Oyunda daha şimdiden silah ve donanım çeşitliliği hayli artmış durumda, yüzlerce silah olmasa da vuruş hihhiyatlarına ve kullanımlarına alışmak için zaman harcamanız gerekebiliyor. Ayrıca, bu defa Battle Royal oyunları ile ARMA’nın zorluğu arasında bir denge noktası belirlenmiş. Silahlar olabildiğince gerçekçi kullanımlara sahipler ve doğru yere yediğinşz tek bir mermi de ölümünüze yol açabiliyor.
Öyle böyle kasmıyor
Oyun Unreal Engine 4 ile tasarlanmasına rağmen optimizasyon ve grafik kalitesi açısından şu anda size acı çektirecek kadar kötü durumda. Eğer çok güçlü bir bilgisayarınız yoksa oyunda medium ayarlarda bile 40-45fps’ten fazlasını göremiyorsunuz. Anlaşılan, olay “gunfight” olduğu için tüm gençler de detayları minimuma çekip fps kazanımı yoluna gidiyor. Ben de bunu denediysem de gördüklerim gözlerimi kör erriğinden ideal ayarlara geri döndüm. Ayrıca, zıplama fizikleri ve “hit detection” konusunda da oyunun çok ciddi sıkıntıları var.

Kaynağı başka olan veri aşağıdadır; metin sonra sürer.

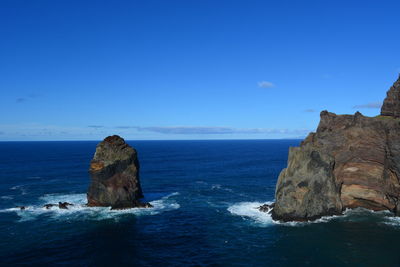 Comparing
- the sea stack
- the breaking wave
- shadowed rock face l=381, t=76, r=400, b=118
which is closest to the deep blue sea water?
the breaking wave

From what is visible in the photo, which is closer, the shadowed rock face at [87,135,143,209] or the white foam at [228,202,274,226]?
the white foam at [228,202,274,226]

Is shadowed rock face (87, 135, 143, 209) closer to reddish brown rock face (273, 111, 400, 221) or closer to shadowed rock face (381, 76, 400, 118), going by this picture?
reddish brown rock face (273, 111, 400, 221)

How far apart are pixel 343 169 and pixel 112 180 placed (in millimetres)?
54093

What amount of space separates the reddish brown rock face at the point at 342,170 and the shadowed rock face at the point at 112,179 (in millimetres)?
34755

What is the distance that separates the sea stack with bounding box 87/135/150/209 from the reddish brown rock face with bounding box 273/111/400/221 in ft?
114

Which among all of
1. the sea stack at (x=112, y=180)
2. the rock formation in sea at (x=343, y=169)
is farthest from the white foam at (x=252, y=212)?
the sea stack at (x=112, y=180)

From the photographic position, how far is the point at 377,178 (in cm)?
7094

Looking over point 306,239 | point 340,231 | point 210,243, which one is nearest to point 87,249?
point 210,243

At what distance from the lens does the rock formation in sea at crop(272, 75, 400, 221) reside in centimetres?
6738

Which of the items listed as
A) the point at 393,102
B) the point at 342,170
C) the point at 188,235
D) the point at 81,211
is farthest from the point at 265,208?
the point at 81,211

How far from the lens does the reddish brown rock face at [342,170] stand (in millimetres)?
67375

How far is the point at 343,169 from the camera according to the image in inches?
2904

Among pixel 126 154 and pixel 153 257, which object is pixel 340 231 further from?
pixel 126 154

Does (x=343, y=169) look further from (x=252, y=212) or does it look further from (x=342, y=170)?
(x=252, y=212)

PUBG, ileride mod desteğine kavuşacak olsa da oyun modları anlamında pek bir çeşitlilik arz etmiyor bizlere. Basit “quick match” seçeneği yanında arkadaşlarınızla takım halinde olaya girebiliyor ya da kendi maçınızı kurabiliyorsunuz. Oyunun esas parladığı yer de arkadaşlarınızla beraber girdiğiniz maçlar. Team Speak üzerinden ya da T’ye basarak kendileriyle iletişime geçebiliyorsunuz ve oyunun esas keyfi de üç veya ört kişilik bir ekiple beraber hareket ederken çıkıyor. Böylece düşen arkadaşlarınızı kaldırabiliyor, ihtiyacı olana ilk yardım seti veya silah verebilir ve uzunluğu 30-35 dakikaya kadar çıkabilen maçlarda takım olarak hayatta kalmaya çalışabilirsiniz. Bir kez bu modu denedikten sonra tek kişilik modun kaosuna bir kez daha girmek isteyeceğinizi sanmıyorum.
Sonuç olarak
Kötü grafikleri, kötü optimizasyonu, yüksek fiyatı ve yetersiz oyun modları gözünüzü korkutuyor olsa bile bu oyunu mutlaka oynamalısınız. PUBG tüm eksiklerine rağmen sizi deliler gibi eğlendiren, şeytan tüyü var diyebileceğimiz bir oyun.
Üstelik güncellemelerin ne kadar hızlı geldiğini de düşünürsek, burada saydığımız tüm o eksikliklerin kısa sürede kapanacağını da öngörebiliriz.